+++ Data for the task
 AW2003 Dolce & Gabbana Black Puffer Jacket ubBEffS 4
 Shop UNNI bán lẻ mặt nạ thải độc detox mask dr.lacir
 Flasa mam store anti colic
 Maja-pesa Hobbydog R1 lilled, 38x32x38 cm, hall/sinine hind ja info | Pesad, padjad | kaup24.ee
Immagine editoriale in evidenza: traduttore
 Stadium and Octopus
++++++
+++ Data for the task
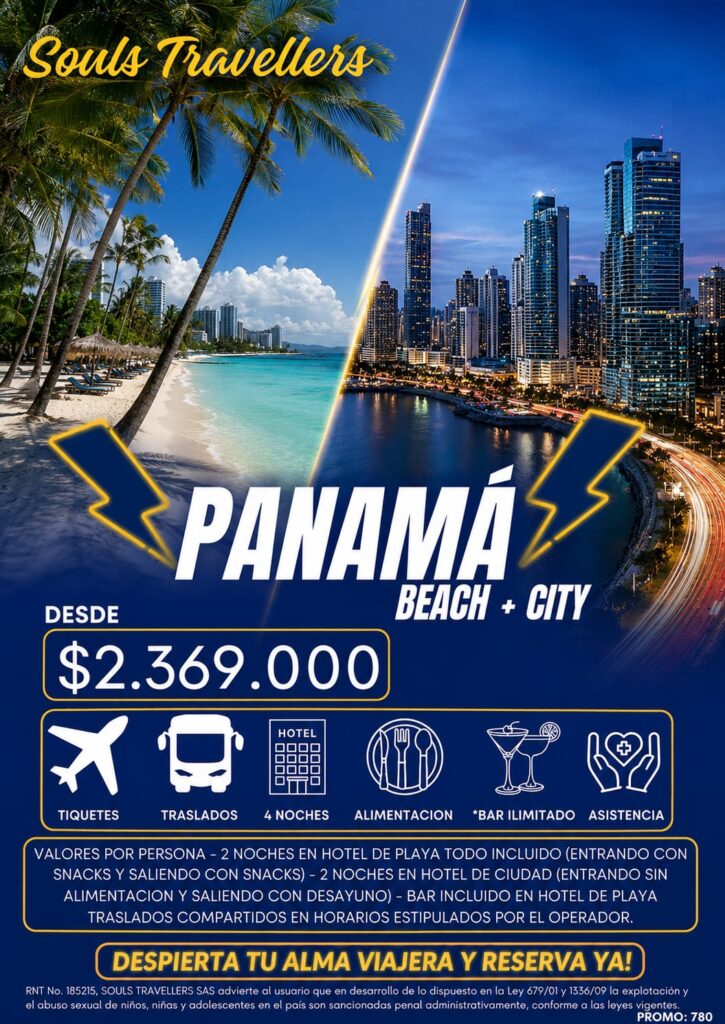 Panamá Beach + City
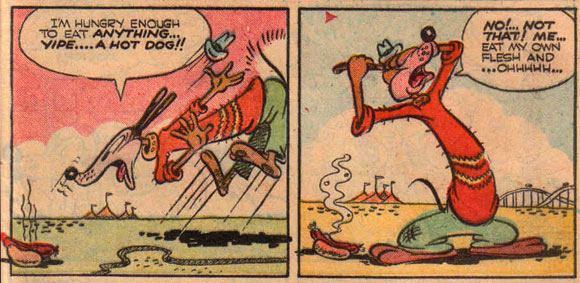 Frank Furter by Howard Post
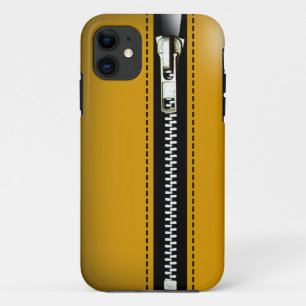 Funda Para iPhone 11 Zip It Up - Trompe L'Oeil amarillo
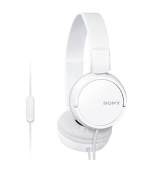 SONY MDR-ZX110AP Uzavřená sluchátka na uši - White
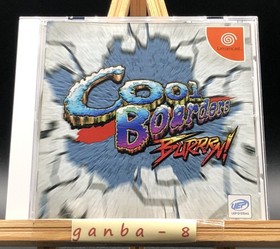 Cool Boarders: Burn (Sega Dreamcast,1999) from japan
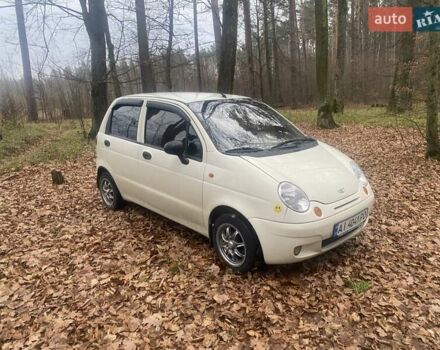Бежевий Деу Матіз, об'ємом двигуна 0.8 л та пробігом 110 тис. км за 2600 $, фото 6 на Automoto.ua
++++++
_What you need to do_. Write down exactly the span of lines above from the one containing "AW2003 Dolce &" to the one containing "Maja-pesa Hobbydog R1", both ends included.

_Answer for the task_.
 AW2003 Dolce & Gabbana Black Puffer Jacket ubBEffS 4
 Shop UNNI bán lẻ mặt nạ thải độc detox mask dr.lacir
 Flasa mam store anti colic
 Maja-pesa Hobbydog R1 lilled, 38x32x38 cm, hall/sinine hind ja info | Pesad, padjad | kaup24.ee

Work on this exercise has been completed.